After several millennia of waiting—give or take a few centuries of myth-making, hair-washing, and river-drowning—the city of Galway has decided, at long last, to honour a woman in bronze. Yes, Galvia, the mythical princess presumed to be the namesake of the city, is getting a statue. And not just any statue: one that may, planning permission and divine intervention permitting, actually be installed in a public place before the next ice age.
How fitting, then, that she’s a myth. Because frankly, so is most of our infrastructure. A mythical princess to stand among the mythical ring roads, mythical light rail, and the elusive mythical cycle lanes that only appear on PowerPoint slides at council meetings.
Galvia’s statue is destined—someday, somehow—to adorn the Droichead an Dóchas (that’s the Bridge of Hope, for the tourists reading ), right beside the Cathedral. It will (roundabouts and traffic lights aside )be the first major addition to Galway’s public infrastructure since the Quincentenary Bridge was unveiled upstream a mere 40 years ago. That’s right: in Galway, we do bridges the way other cities do Olympic Games—once every generation, and often over budget.

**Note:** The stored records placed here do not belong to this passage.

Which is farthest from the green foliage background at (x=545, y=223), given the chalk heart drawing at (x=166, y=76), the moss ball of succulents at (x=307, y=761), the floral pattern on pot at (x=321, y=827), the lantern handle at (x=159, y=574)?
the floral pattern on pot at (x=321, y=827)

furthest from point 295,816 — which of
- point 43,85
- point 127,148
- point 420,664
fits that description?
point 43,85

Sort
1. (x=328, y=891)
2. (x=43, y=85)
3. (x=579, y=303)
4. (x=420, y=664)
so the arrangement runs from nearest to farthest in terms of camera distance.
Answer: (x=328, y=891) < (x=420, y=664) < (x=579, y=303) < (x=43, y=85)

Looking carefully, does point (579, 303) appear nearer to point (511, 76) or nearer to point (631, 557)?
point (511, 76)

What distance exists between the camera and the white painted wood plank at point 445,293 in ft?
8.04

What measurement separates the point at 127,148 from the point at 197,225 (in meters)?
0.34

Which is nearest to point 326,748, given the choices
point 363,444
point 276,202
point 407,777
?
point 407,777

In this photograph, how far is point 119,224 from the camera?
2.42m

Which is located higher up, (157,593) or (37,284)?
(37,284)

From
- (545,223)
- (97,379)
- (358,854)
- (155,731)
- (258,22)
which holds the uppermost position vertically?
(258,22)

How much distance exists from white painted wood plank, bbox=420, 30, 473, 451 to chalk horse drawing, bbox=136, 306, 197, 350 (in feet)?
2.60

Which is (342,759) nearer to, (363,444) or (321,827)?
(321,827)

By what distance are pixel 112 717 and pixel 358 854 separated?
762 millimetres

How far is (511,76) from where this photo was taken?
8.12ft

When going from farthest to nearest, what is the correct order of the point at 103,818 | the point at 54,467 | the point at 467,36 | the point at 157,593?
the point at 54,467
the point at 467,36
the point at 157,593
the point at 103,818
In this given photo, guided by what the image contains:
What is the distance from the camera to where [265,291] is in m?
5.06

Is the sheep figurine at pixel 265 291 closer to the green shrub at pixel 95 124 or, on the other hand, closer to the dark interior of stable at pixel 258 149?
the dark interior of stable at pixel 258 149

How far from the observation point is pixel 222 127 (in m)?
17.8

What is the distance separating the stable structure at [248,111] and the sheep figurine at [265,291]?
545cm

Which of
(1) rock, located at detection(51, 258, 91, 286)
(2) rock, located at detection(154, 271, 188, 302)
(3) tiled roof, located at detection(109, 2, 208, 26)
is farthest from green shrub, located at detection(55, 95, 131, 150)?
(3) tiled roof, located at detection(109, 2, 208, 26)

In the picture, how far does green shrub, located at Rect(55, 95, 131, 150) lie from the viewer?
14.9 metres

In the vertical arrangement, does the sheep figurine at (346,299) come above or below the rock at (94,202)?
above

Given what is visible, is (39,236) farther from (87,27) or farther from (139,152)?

There is poetic symmetry in placing Galvia on this new bridge. Folklore has it that she drowned while washing her hair on a rock in the Corrib, just downstream. That very rock, in classic Galway fashion, was later obliterated during the construction of the weir. One can only hope this new statue survives longer than her shampoo day did. The ultimate wash and go.
Of course, public art in Ireland comes with its own dangers. Let us spare a thought for poor Molly Malone, groped by generations of hen parties and rugby lads until she needed bronze reconstructive surgery. Let us hope Galvia avoids a similar fate. Perhaps a respectful plinth and a strategically placed flower bed might protect her dignity—or at least her décolletage.

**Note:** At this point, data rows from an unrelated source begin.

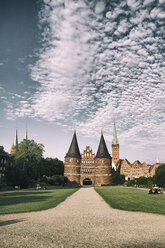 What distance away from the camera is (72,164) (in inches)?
2510

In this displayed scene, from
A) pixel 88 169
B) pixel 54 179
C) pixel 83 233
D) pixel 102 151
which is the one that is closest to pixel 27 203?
pixel 83 233

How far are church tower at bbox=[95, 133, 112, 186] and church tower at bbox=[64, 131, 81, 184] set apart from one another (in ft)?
22.2

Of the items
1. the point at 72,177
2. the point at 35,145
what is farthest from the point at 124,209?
the point at 72,177

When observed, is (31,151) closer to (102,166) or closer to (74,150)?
(74,150)

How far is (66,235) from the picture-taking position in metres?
6.49

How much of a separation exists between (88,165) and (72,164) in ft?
21.3

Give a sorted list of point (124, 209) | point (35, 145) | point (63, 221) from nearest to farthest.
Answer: point (63, 221), point (124, 209), point (35, 145)

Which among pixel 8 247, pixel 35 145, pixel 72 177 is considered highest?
pixel 35 145

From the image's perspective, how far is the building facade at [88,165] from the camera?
6297 cm

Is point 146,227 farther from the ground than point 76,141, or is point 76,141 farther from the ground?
point 76,141

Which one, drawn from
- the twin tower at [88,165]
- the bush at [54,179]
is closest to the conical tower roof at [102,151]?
the twin tower at [88,165]

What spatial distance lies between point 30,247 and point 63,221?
3.59 metres

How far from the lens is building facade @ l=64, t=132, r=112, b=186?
6297cm

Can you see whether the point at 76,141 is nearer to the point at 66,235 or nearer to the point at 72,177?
the point at 72,177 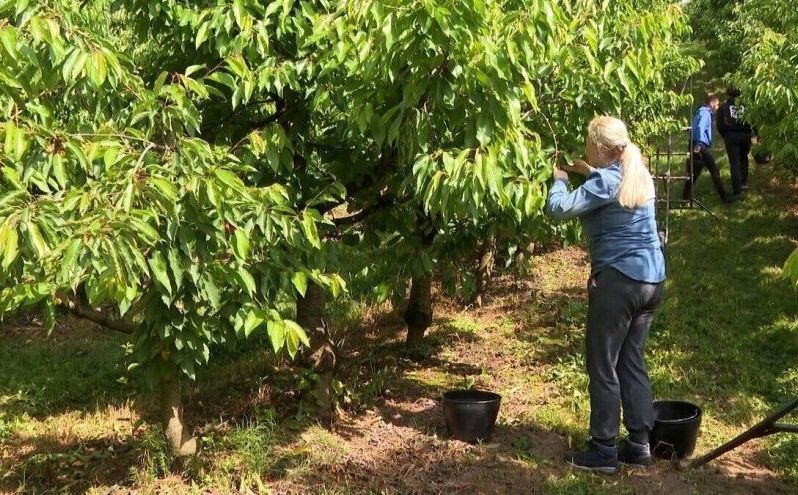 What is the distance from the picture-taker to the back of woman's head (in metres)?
3.65

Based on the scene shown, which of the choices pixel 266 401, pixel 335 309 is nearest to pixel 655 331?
pixel 335 309

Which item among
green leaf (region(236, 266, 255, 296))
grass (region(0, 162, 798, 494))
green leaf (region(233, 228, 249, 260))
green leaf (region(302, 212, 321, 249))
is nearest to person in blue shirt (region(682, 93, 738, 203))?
grass (region(0, 162, 798, 494))

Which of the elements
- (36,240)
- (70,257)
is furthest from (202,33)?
(70,257)

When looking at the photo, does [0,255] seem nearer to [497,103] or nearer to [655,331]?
[497,103]

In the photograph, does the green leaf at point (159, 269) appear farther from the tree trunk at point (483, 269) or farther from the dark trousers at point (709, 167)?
the dark trousers at point (709, 167)

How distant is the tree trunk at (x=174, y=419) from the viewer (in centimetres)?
414

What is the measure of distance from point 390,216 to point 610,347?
62.0 inches

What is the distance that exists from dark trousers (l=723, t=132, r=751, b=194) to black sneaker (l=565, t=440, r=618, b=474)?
29.1 ft

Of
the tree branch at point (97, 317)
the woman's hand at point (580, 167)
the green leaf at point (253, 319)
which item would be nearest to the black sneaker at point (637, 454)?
the woman's hand at point (580, 167)

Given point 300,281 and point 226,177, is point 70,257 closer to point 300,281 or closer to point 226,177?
point 226,177

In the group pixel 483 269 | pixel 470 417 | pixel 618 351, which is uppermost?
pixel 483 269

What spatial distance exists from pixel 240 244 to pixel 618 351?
2034 mm

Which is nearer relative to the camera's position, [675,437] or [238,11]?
[238,11]

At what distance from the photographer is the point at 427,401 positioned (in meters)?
5.25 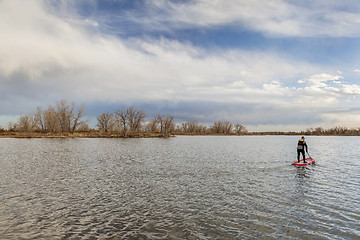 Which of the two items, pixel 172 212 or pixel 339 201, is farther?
pixel 339 201

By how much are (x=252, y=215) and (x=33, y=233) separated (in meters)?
9.57

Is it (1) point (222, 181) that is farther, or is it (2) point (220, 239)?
(1) point (222, 181)

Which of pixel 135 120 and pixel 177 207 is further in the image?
pixel 135 120

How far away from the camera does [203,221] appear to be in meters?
10.0

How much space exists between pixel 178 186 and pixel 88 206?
659 cm

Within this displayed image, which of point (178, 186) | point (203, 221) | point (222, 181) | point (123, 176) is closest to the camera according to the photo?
point (203, 221)

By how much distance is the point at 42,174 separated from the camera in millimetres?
20281

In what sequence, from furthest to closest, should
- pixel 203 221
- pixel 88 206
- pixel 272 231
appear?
1. pixel 88 206
2. pixel 203 221
3. pixel 272 231

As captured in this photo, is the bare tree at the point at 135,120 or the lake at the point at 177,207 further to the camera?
the bare tree at the point at 135,120

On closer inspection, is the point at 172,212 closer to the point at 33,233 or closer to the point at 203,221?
the point at 203,221

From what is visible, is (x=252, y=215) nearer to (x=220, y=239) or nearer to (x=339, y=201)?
(x=220, y=239)

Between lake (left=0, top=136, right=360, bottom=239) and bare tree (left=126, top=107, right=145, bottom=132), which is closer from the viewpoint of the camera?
lake (left=0, top=136, right=360, bottom=239)

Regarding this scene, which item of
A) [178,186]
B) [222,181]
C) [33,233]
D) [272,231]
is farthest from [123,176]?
[272,231]

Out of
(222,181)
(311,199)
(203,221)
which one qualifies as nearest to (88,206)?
(203,221) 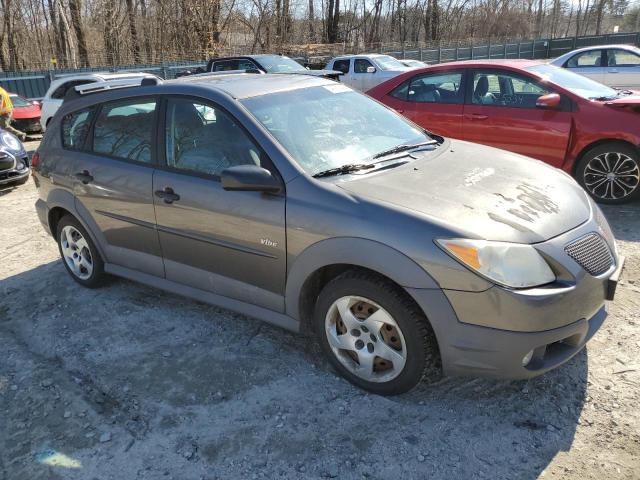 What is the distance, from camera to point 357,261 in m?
2.79

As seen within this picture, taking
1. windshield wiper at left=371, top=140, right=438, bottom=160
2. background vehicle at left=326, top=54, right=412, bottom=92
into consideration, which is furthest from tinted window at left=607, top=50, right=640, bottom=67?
windshield wiper at left=371, top=140, right=438, bottom=160

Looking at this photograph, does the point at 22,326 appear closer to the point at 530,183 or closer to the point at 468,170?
the point at 468,170

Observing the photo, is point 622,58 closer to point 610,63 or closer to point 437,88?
point 610,63

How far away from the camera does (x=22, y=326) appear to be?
4.12 meters

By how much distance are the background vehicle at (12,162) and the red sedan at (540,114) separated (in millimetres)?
5668

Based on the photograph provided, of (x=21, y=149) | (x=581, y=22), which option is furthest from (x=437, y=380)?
(x=581, y=22)

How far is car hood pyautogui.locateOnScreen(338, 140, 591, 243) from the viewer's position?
2.68 metres

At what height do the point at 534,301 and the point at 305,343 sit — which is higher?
the point at 534,301

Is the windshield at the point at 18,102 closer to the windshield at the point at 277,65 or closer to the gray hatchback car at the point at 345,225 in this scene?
the windshield at the point at 277,65

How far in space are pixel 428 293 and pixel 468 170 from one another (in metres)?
1.05

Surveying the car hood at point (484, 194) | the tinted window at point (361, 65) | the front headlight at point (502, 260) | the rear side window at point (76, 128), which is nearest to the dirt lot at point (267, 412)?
the front headlight at point (502, 260)

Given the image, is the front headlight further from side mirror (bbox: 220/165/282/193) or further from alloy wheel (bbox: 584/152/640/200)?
alloy wheel (bbox: 584/152/640/200)

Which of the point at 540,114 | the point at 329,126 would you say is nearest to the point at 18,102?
the point at 540,114

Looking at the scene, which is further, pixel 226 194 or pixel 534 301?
pixel 226 194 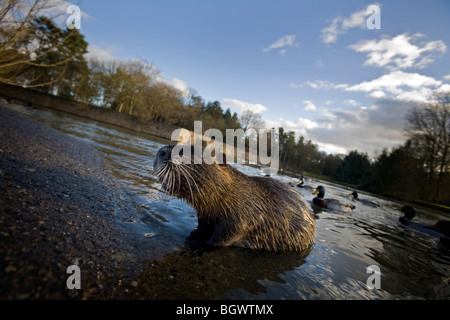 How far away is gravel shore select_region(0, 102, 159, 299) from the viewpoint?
127 cm

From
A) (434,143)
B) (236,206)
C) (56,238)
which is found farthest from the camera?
(434,143)

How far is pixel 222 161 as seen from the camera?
309cm

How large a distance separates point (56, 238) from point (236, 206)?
6.92 ft

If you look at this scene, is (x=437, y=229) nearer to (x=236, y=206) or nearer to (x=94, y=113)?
(x=236, y=206)

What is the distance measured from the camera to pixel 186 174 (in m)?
2.57

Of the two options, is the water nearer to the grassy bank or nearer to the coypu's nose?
the coypu's nose

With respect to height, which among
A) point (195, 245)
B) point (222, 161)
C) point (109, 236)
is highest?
point (222, 161)

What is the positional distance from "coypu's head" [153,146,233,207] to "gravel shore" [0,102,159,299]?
2.69 feet

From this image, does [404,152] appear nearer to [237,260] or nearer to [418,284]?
[418,284]

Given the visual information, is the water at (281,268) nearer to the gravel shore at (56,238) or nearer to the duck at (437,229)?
the gravel shore at (56,238)

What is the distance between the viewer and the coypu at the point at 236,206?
2604 millimetres

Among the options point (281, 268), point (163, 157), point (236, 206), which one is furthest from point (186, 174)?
point (281, 268)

But Galvia’s resurrection should mean more than just a photo-op and a press release. Her emergence from legend (and planning meetings ) should serve as inspiration. Galway has long been plagued by that most Irish of ailments: terminal hesitation. Projects stall. Initiatives linger. “Sure we couldn’t be doing that,” is practically a motto carved in stone—next to “Ní neart go cur le chéile” and “Out of Order.”
Let Galvia be our muse. She didn’t ask to be drowned, memorialised, or caught up in municipal bureaucracy. But here she is—head high, hair presumably dry, looking out over a city badly in need of action. Not just statues and speeches, but spades in the ground and ideas in motion.
May her bronze gaze shame the dawdlers, embolden the doers, and terrify the consultants. Let her remind us that Galway is not just a place to reminisce about what might have been built, but to build it.
She washed her hair and died. The least we can do is rinse off the inertia.